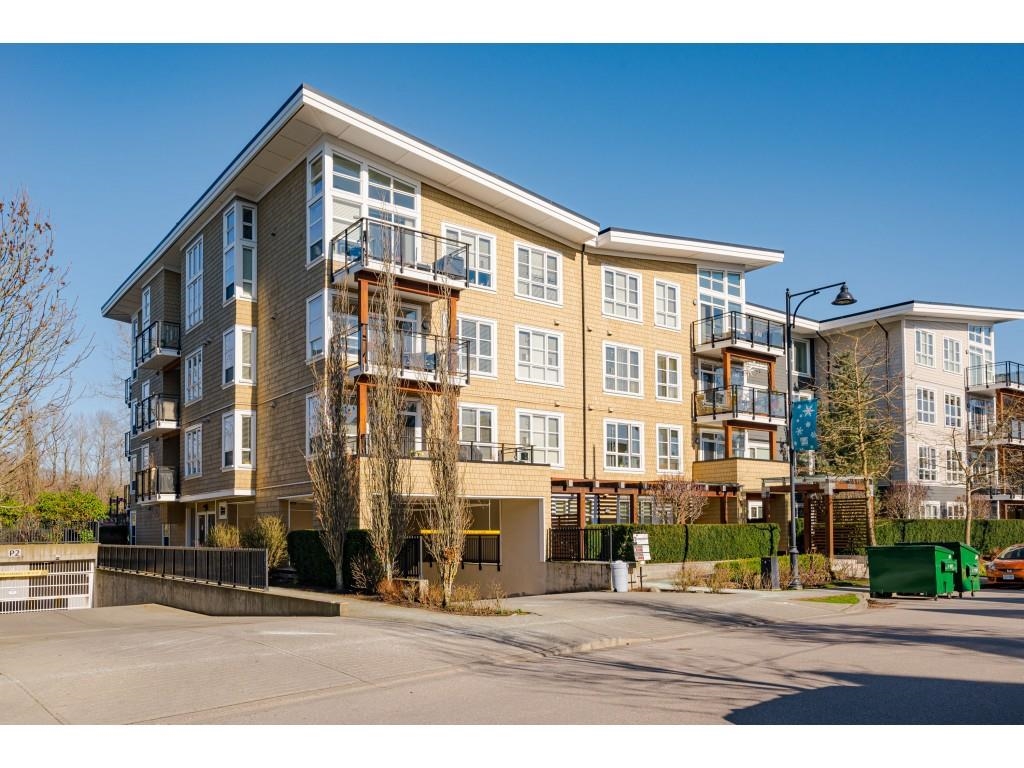 B101 23255 Billy Brown Road, Langley, BC, V1M 0C8 R2654107 Angela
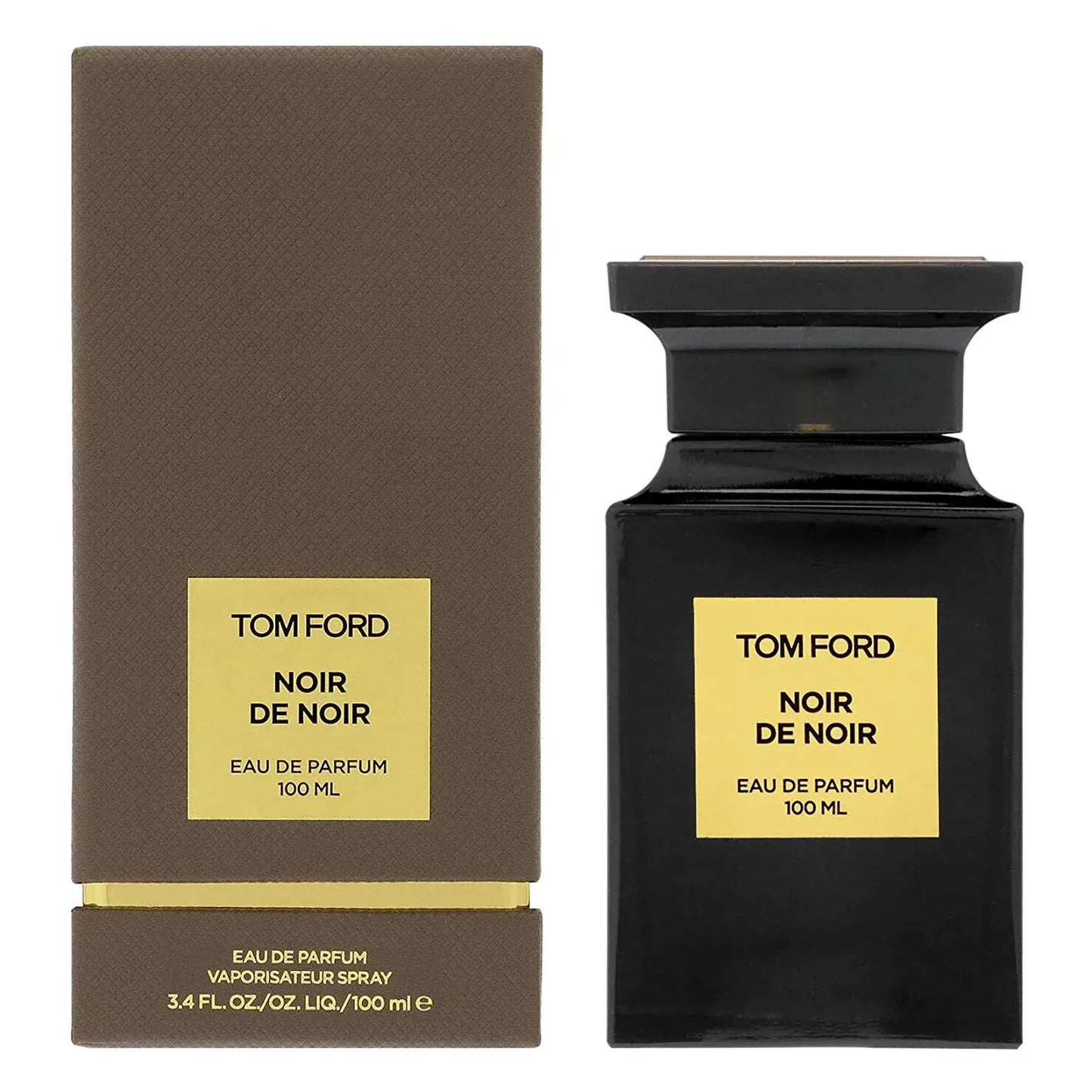 Tom Ford Noir De Noir
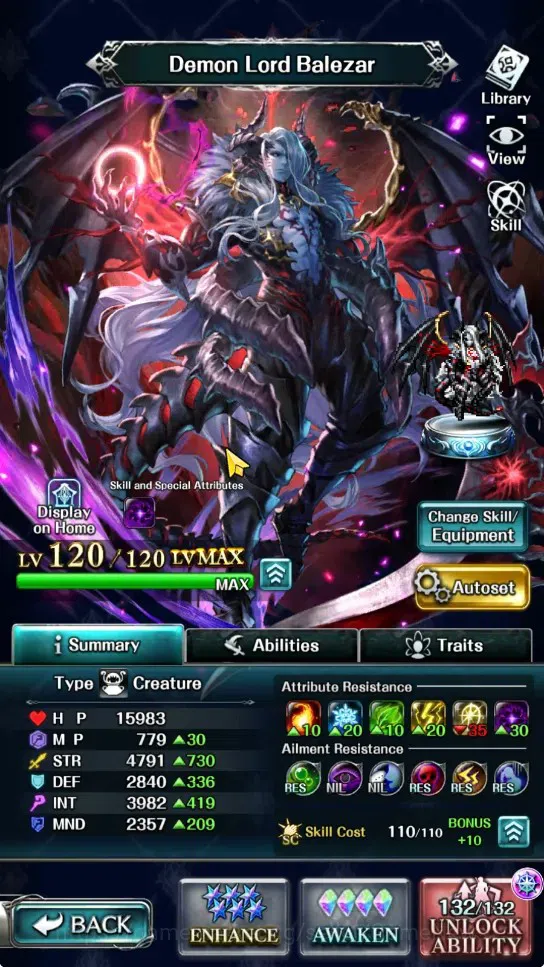 Last Cloudia Accounts GLOBAL|Rank 41|Collab (Klaudia Valentz,Kallen,Lelo image 15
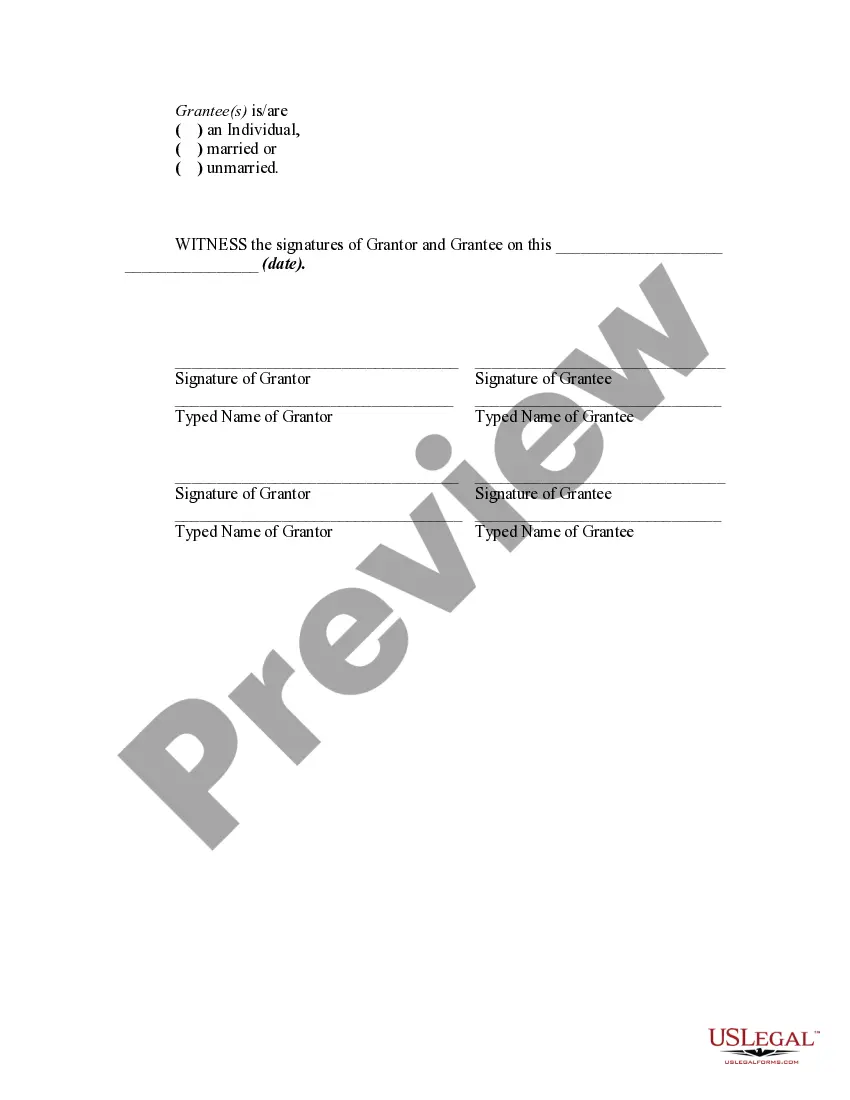 Get Corrective Quitclaim Deed of Right-of-Way Preview Corrective Quitclaim Deed of Right-of-Way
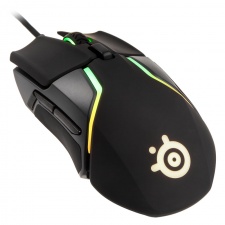 View Alternative product SteelSeries Rival 600 Gaming Mouse - Black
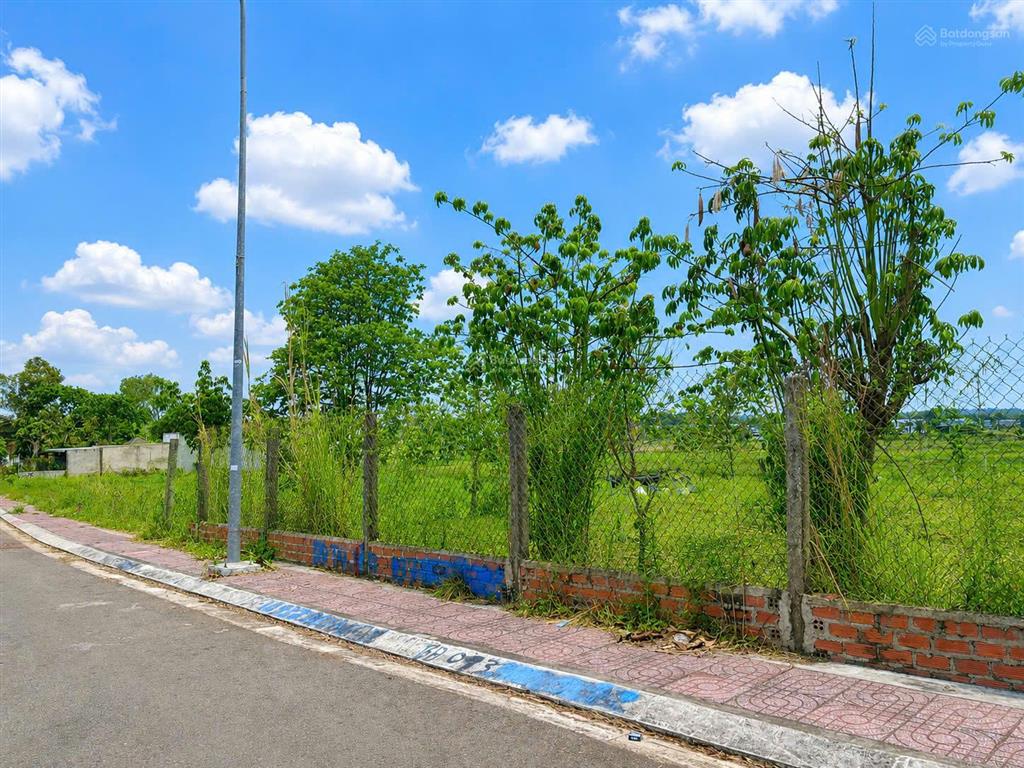 Bán đất 140m2 tại số 28, hòa long, bà rịa, giá siêu hời 1,48 tỷ
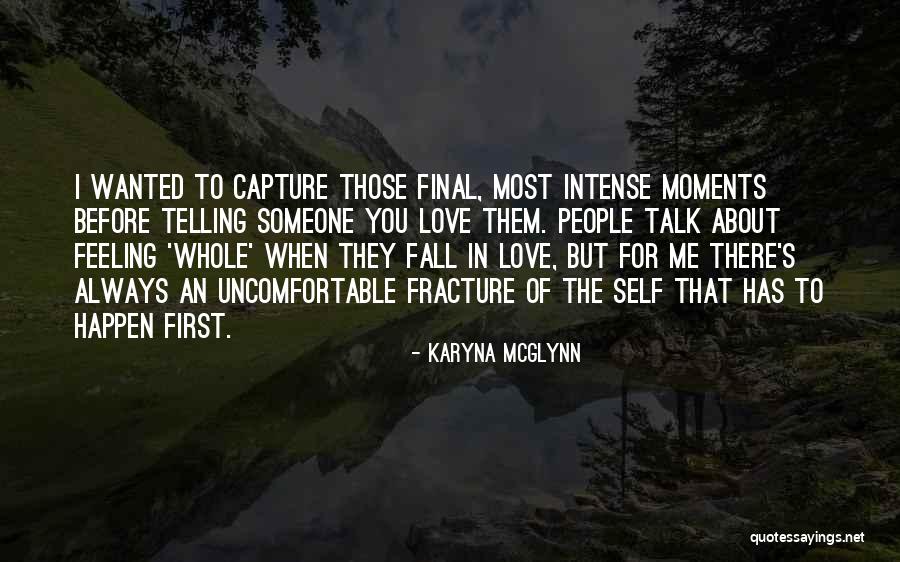 Mcanulty 1 Quotes By Karyna McGlynn Mcanulty 1 Quotes By Karyna McGlynn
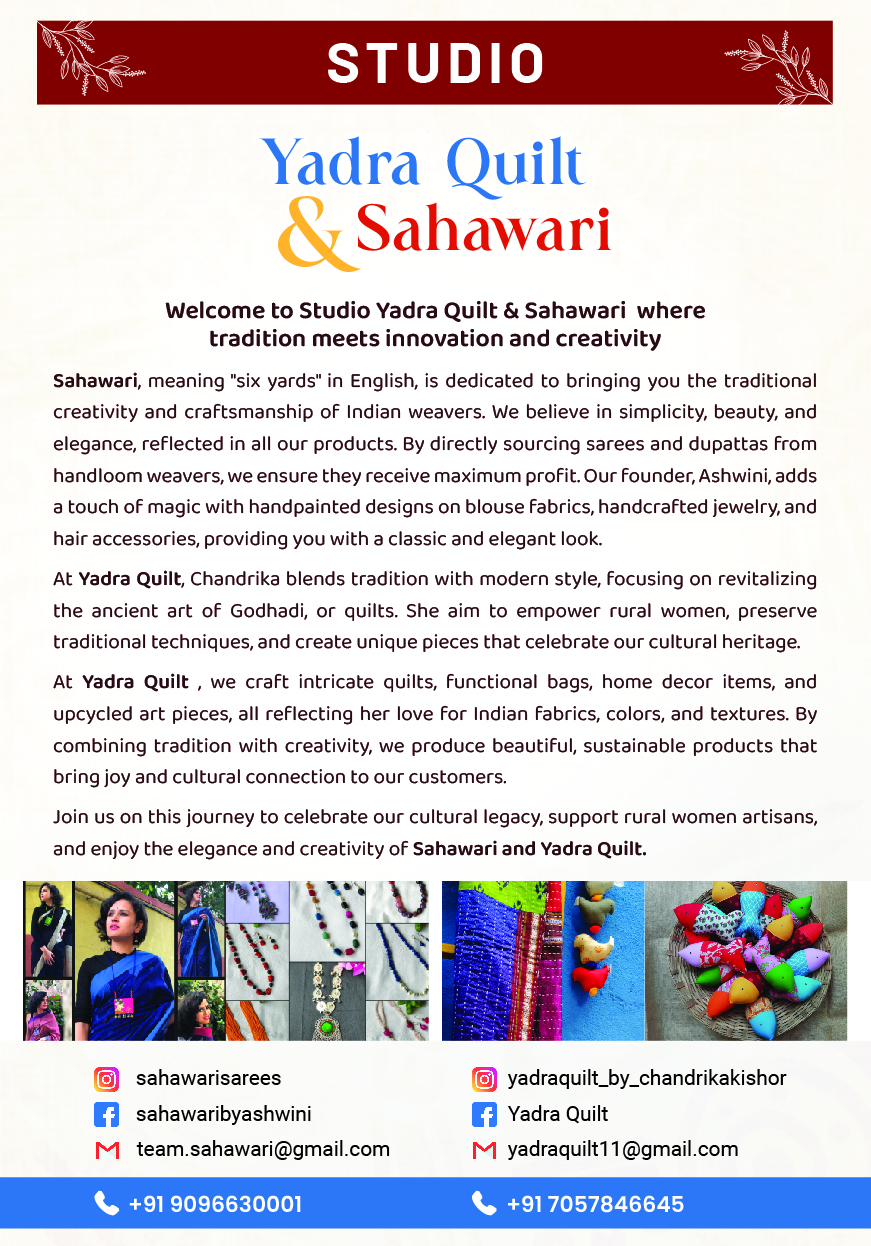 Culturally rich visual creatives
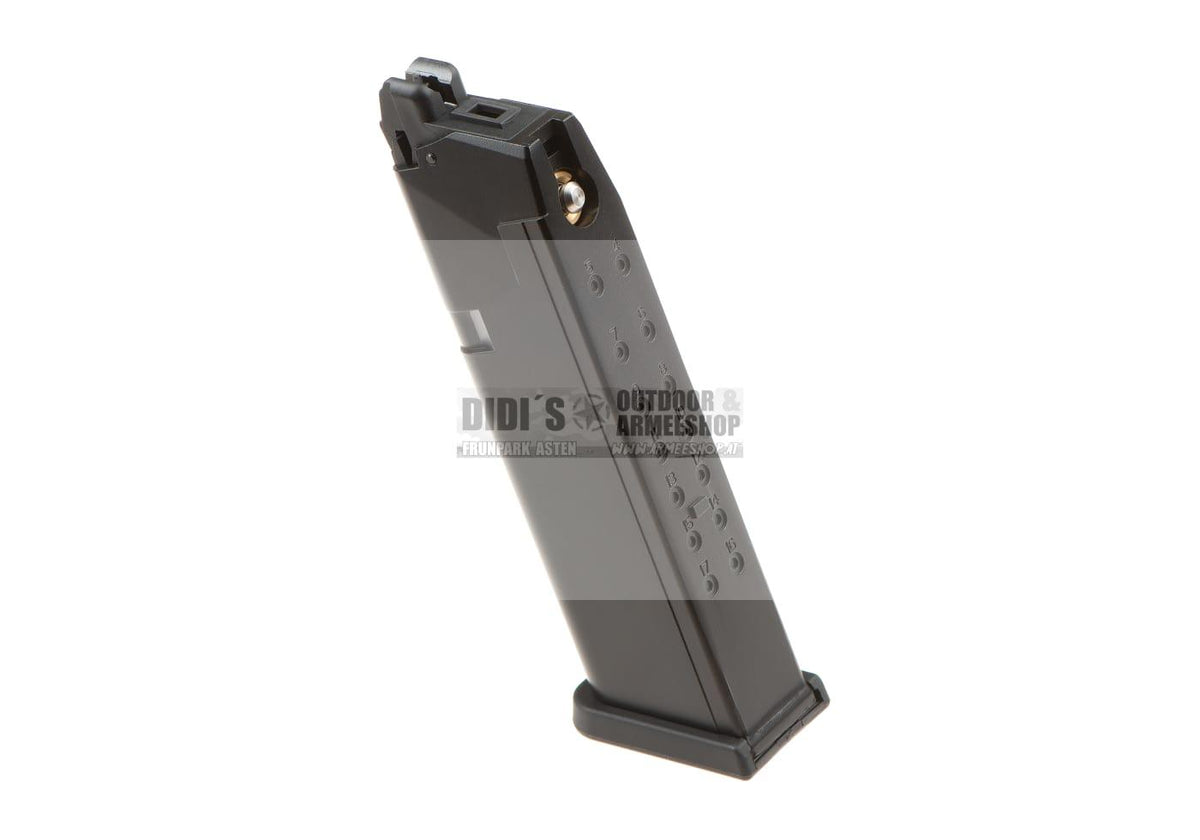 Action Army AAP-01 GBB Magazin 23 Schuss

--- Aim of the task ---
A verbatim copy of the records is expected, from their first line through the line with "Get Corrective Quitclaim", inclusive, with the pictures removed.

--- Solution to this task ---
 B101 23255 Billy Brown Road, Langley, BC, V1M 0C8 R2654107 Angela
 Tom Ford Noir De Noir
 Last Cloudia Accounts GLOBAL|Rank 41|Collab (Klaudia Valentz,Kallen,Lelo image 15
 Get Corrective Quitclaim Deed of Right-of-Way Preview Corrective Quitclaim Deed of Right-of-Way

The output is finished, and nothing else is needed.